The pilot project will provide decision makers at Leeds City Council with greater insights into the lived experience of women as part of their economic development strategy.
With the findings, CLES aims to create a blueprint of good practice that will help local and other government authorities to better design and tailor interventions to support economic gender inclusion in their communities.
This grant is funded by the CT UK Social Bond Fund, which contributes a share of its annual management fee to Columbia Threadneedle Foundation.
The fund seeks to deliver financial returns to investors through a portfolio of corporate bonds, while also contributing to positive social outcomes.
The portfolio aligns to a number of themes, including affordable housing and property, community services, financial inclusion, health and social care, as well as gender inclusion, which aims to raise awareness of gender inequality while also empowering women.
This project will focus on topics including the extent to which issues such as child poverty, inequality and poor health are considered social rather than economic challenges, and how various places and the characteristics of people, such as ethnicity, income, disability and age intersect to improve or worsen women’s opportunities in cities like Leeds.

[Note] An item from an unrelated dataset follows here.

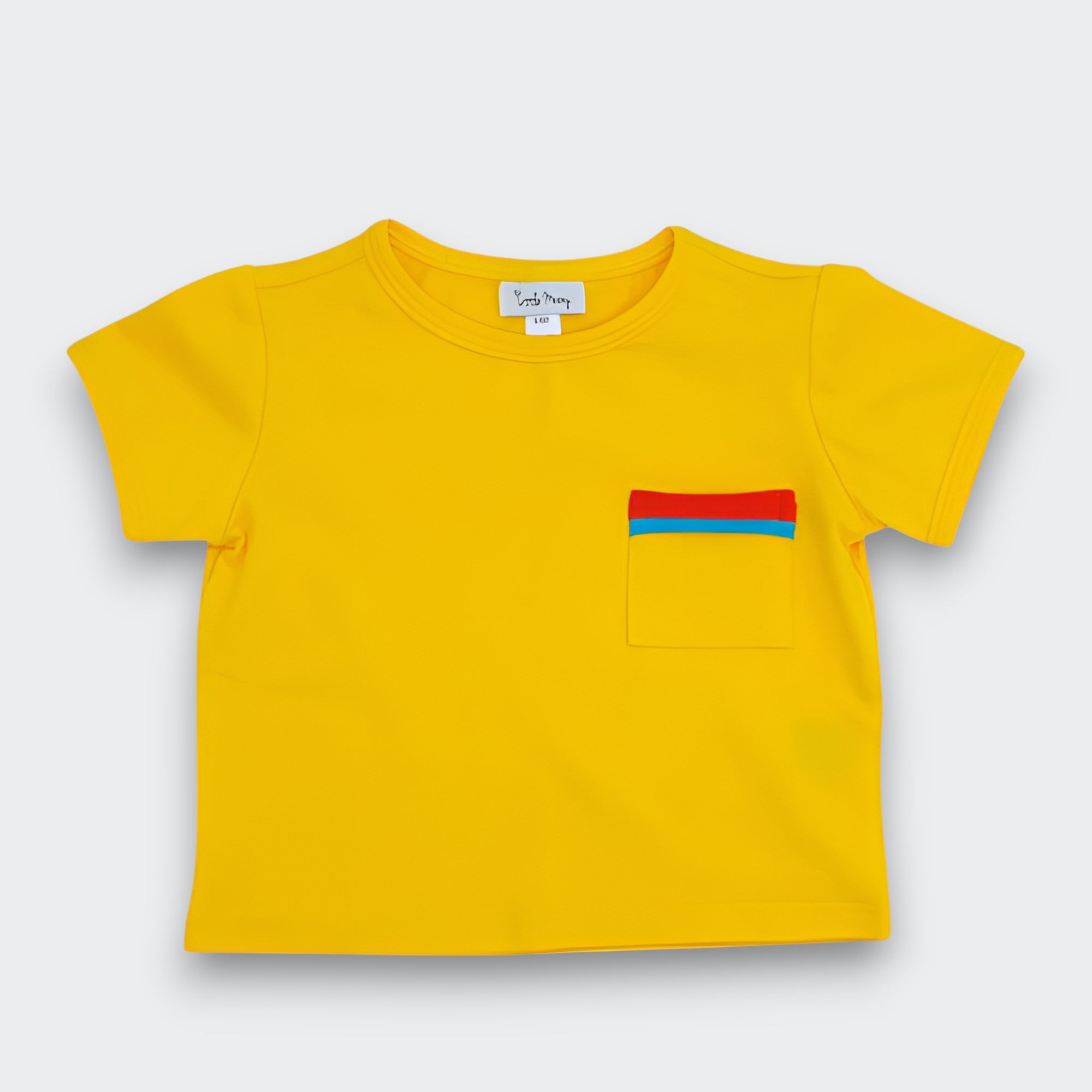 Little Moony sunny yellow colorblock pocket tee for baby and toddler flat lay view showing red and sky blue patch pocket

It will also look at how the current cost of living crisis is making life difficult for women, including access to childcare, debt, employment and housing, and how local government can do more to support and target gender inclusion, and the economic and social opportunities are for cities like Leeds if the potential of gender inclusion is realised
Tammie Tang, portfolio manager of the CT UK Social Bond Fund and trustee of the Columbia Threadneedle Foundation, said: “The targeting of disadvantaged and deprived populations in the UK is a core focus of the CT UK Social Bond fund.
“Leeds is an example of contrast with some of the nationally poorest neighbourhoods and women disproportionately excluded from economic access and financial security opportunities. This research grant to CLES adds to the social impact for the Fund in addition to its investment portfolio.”